Efficiently Detecting Concurrency Bugs in Persistent Memory Programs

Due to the salient DRAM-comparable performance, TB-scale capacity, and non-volatility, persistent memory (PM) provides new opportunities for large-scale in-memory computing with instant crash recovery. However, programming PM systems is error-prone due to the existence of crash-consistency bugs, which are challenging to diagnose especially with concurrent programming widely adopted in PM applications to exploit hardware parallelism. Existing bug detection tools for DRAM-based concurrency issues cannot detect PM crash-consistency bugs because they are oblivious to PM operations and PM consistency. On the other hand, existing PM-specific debugging tools only focus on sequential PM programs and cannot effectively detect crash-consistency issues hidden in concurrent executions. In order to effectively detect crash-consistency bugs that only manifest in concurrent executions, we propose PMRace, the first PM-specific concurrency bug detection tool.

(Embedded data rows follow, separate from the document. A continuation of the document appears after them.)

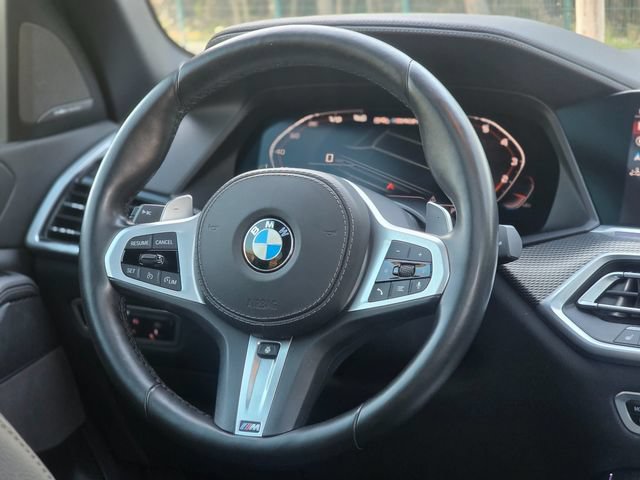 Used 2020 BMW X5 M50i w/ Parking Assistance Package AWD/4WD image 34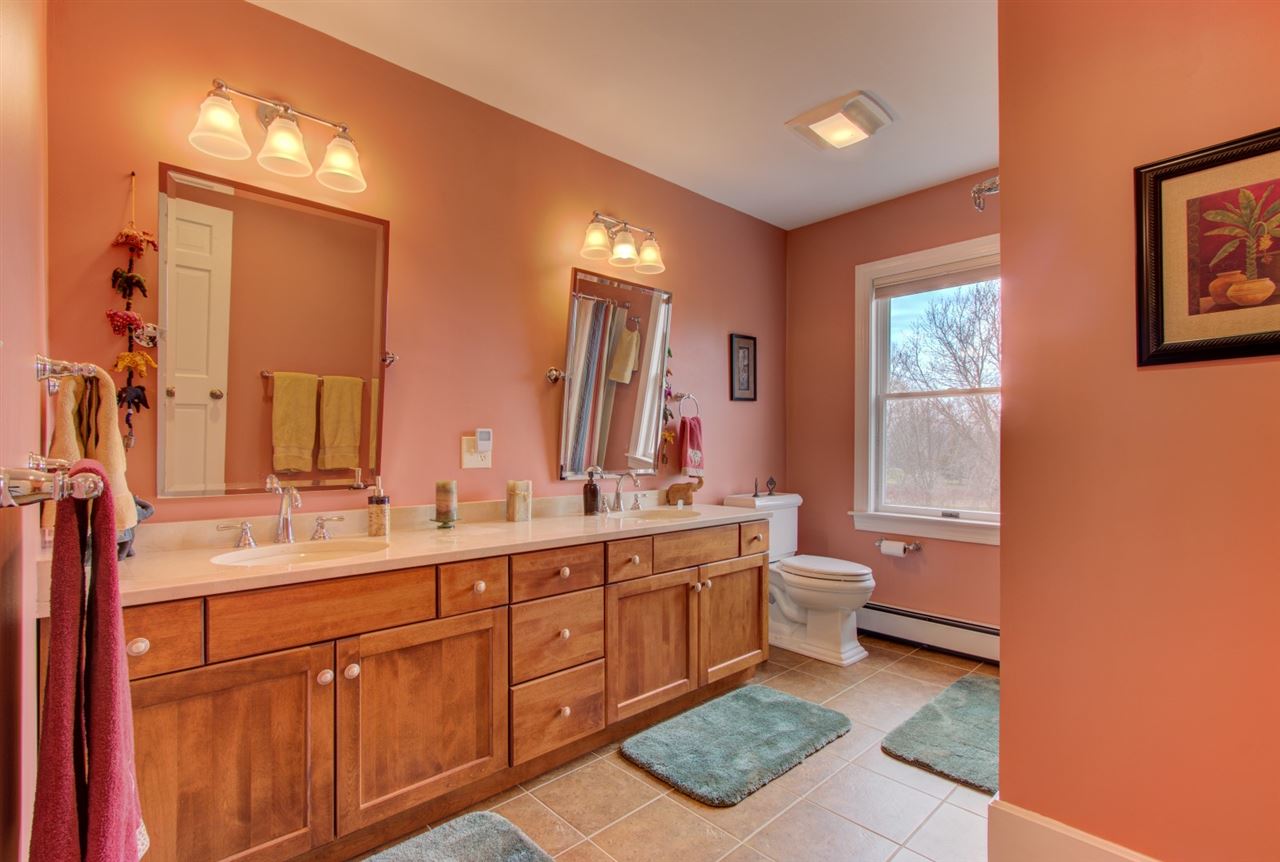 187 Exeter Road Hampton Falls, NH 03844 - Photo 23 of 26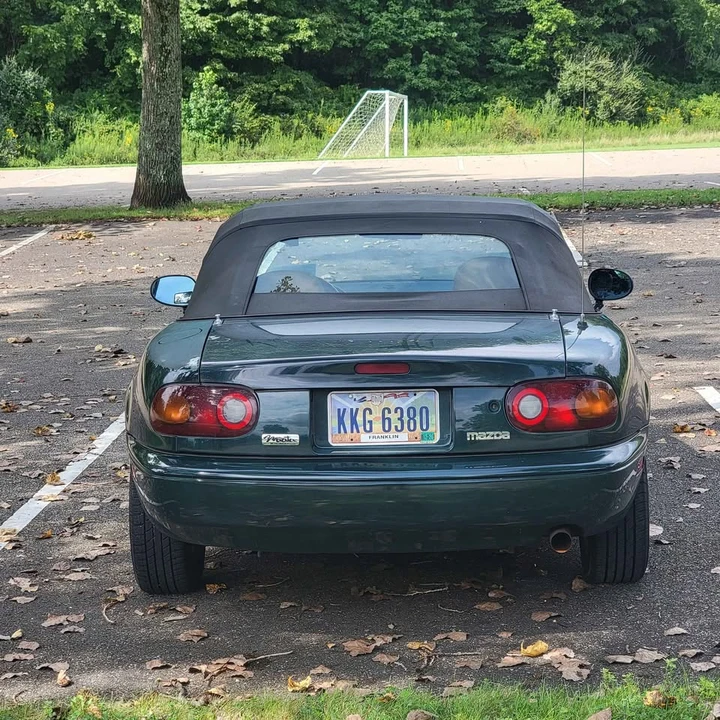 1991 Mazda NA MX-5 Miata - Image 4 of 17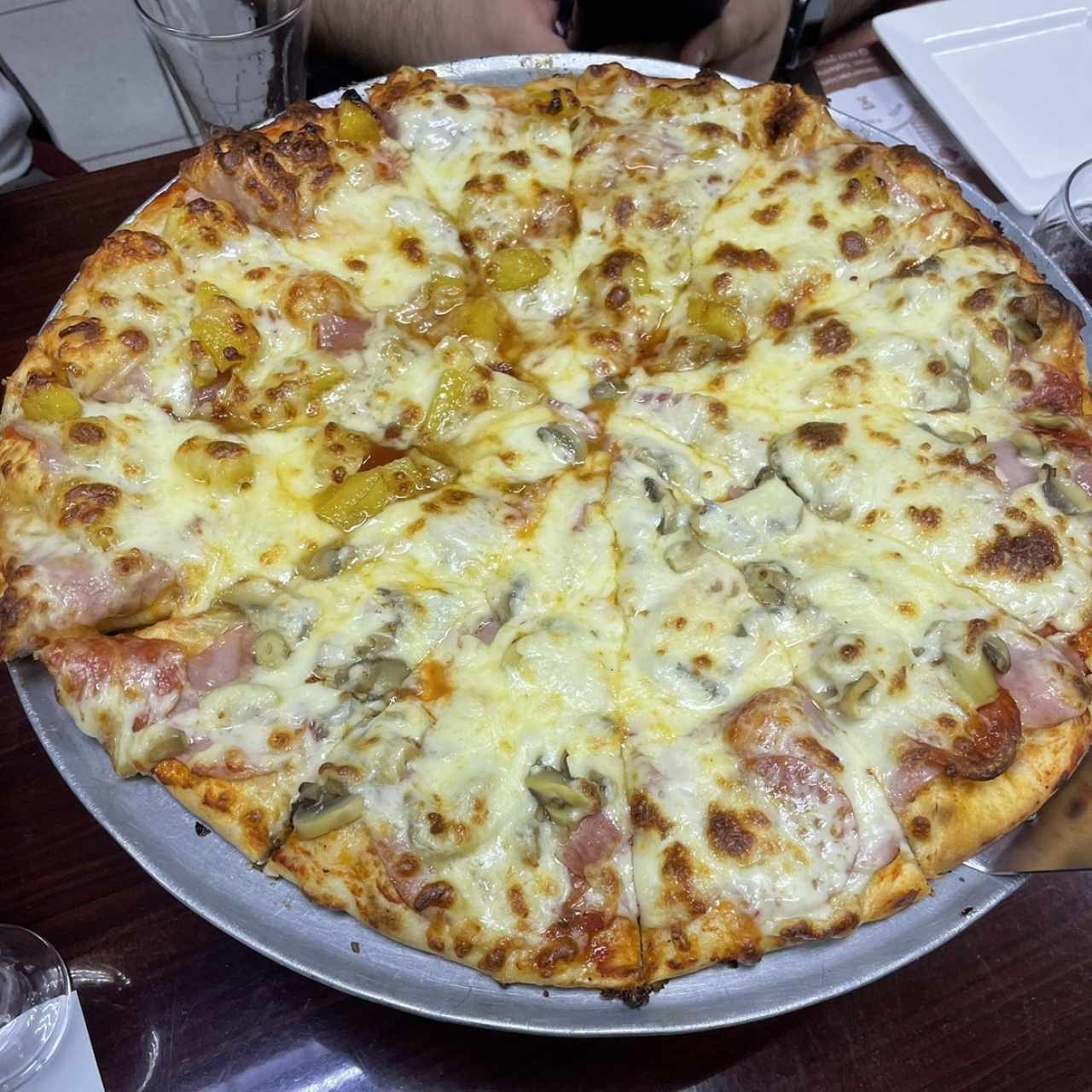 Pizza de combinacion y pizza hawaiana 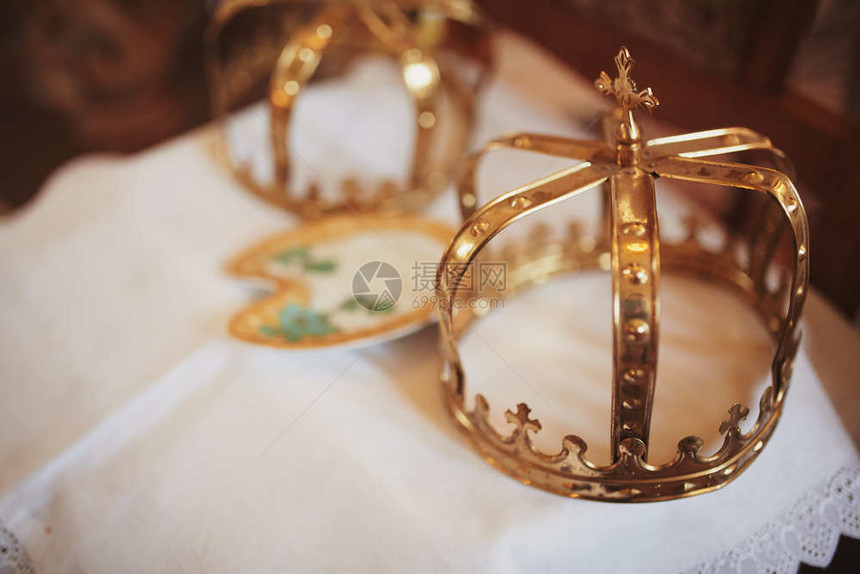 婚礼的王冠图片
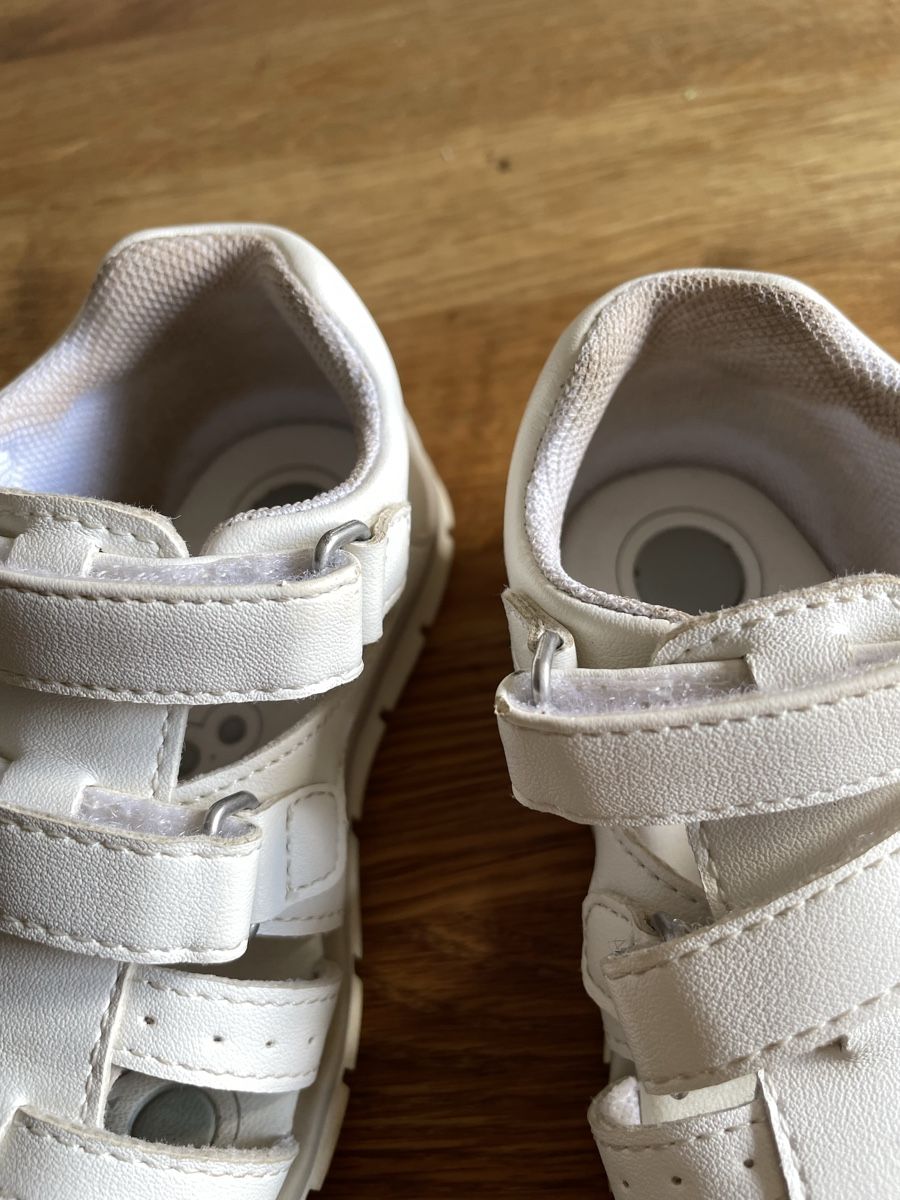 Chicco Schuhe für Mädchen: Sandalen Gr.21 – Gebraucht aus Breitenbach von oli_hm96 4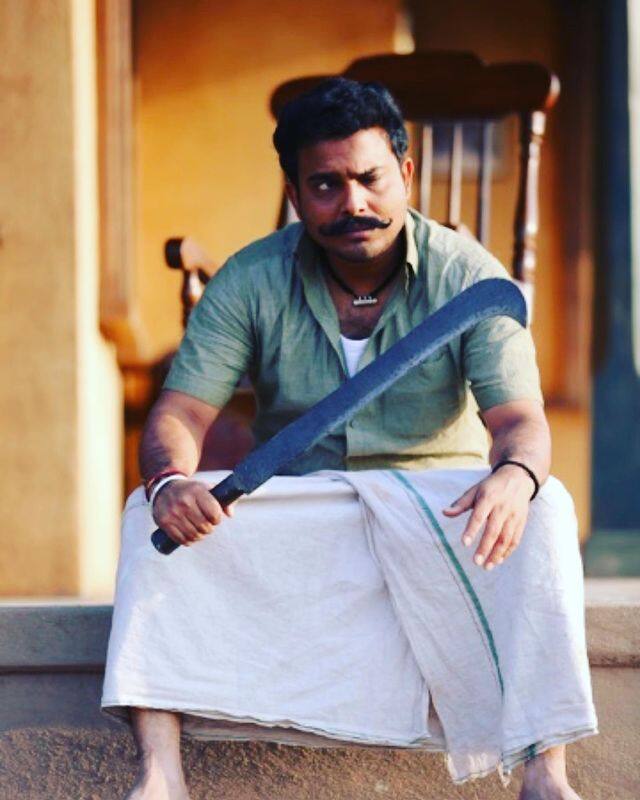 సుడిగాలి సుధీర్ టీమ్ లో గెటప్ శ్రీను కామెడీని ఆడియన్స్ బాగా ఎంజాయ్ చేస్తుంటారు. (Photo Courtesy: Getup Srinu Instagram)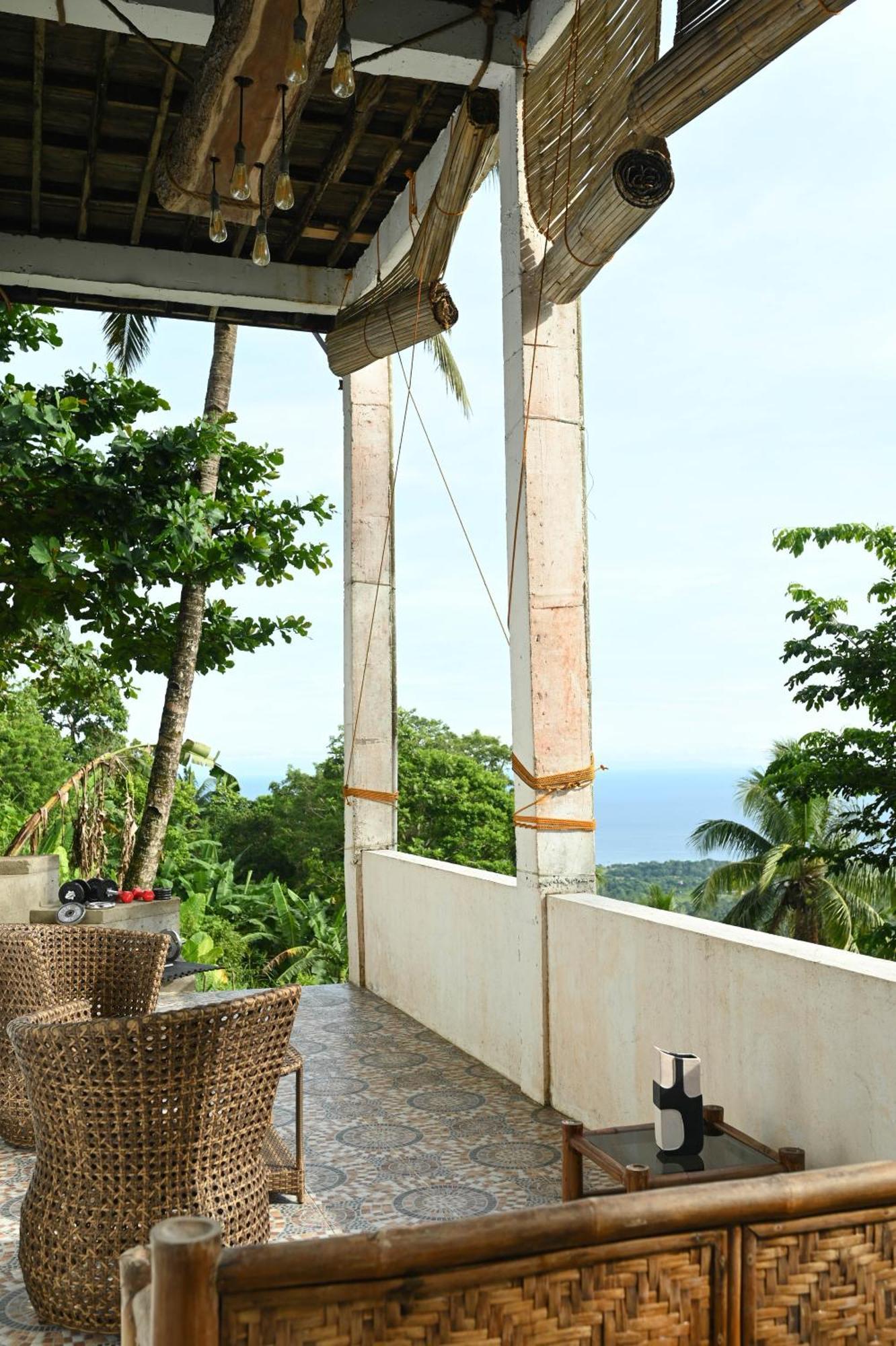 דירות ממבג'או The Balcony Of The Camiguin Island מראה חיצוני תמונה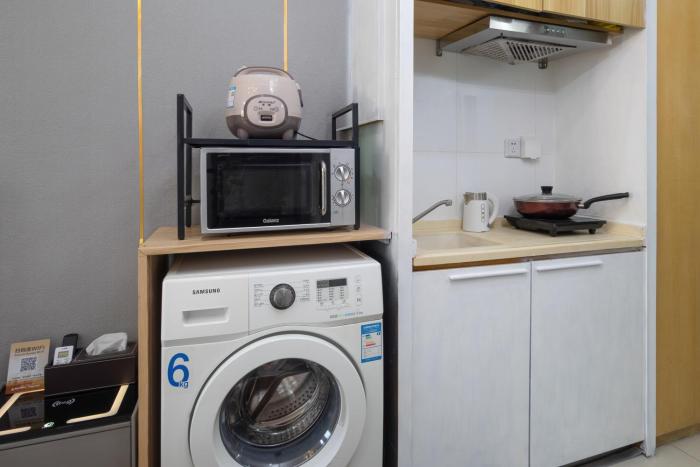shanghai tongrenge guesthouse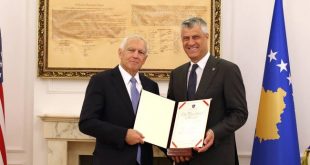 Kryetari, Hashim Thaçi, ka dekoruar me Medaljen Presidenciale Jubilare, gjeneralin amerikan, Wesley Clark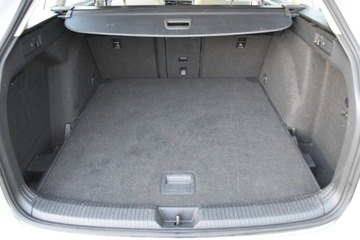 Volkswagen Golf VIII Variant 1.5 eTSI 150KM 2021 Volkswagen Golf Variant Variant 1.5TSI 150KM Pakiety LED ACC Podgrz.fotele, zdjęcie 33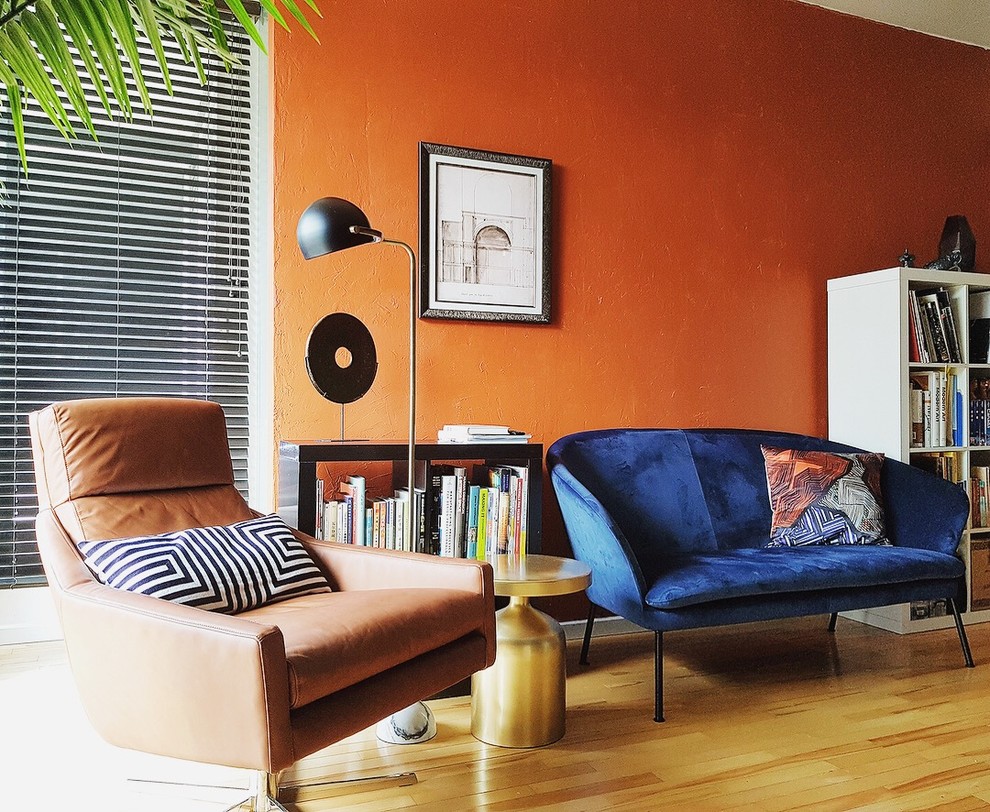 Источник вдохновения для домашнего уюта: домашняя мастерская среднего размера в стиле ретро с оранжевыми стенами, светлым паркетным полом, отдельно стоящим рабочим столом и бежевым полом без камина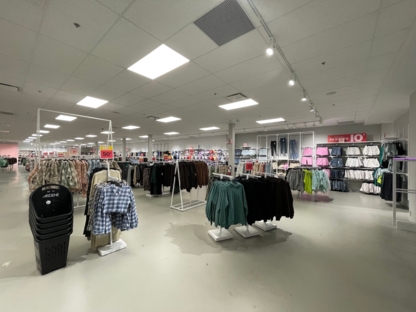 Ardene magasin de liquidation - Clothing Stores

We identify and define two new types of concurrent crash-consistency bugs: PM Inter-thread Inconsistency and PM Synchronization Inconsistency. In particular, PMRace adopts PM-aware and coverage-guided fuzz testing to explore PM program executions. For PM Inter-thread Inconsistency, which denotes the data inconsistency hidden in thread inter-leavings, PMRace performs PM-aware interleaving exploration and thread scheduling to drive the execution towards executions that reveal such inconsistencies. For PM Synchronization Inconsistency between persisted synchronization variables and program data, PMRace identifies the inconsistency during interleaving exploration. The post-failure validation reduces the false positives that come from custom crash recovery mechanisms. PMRace has found 14 bugs (10 new bugs) in real-world concurrent PM systems including PM-version memcached.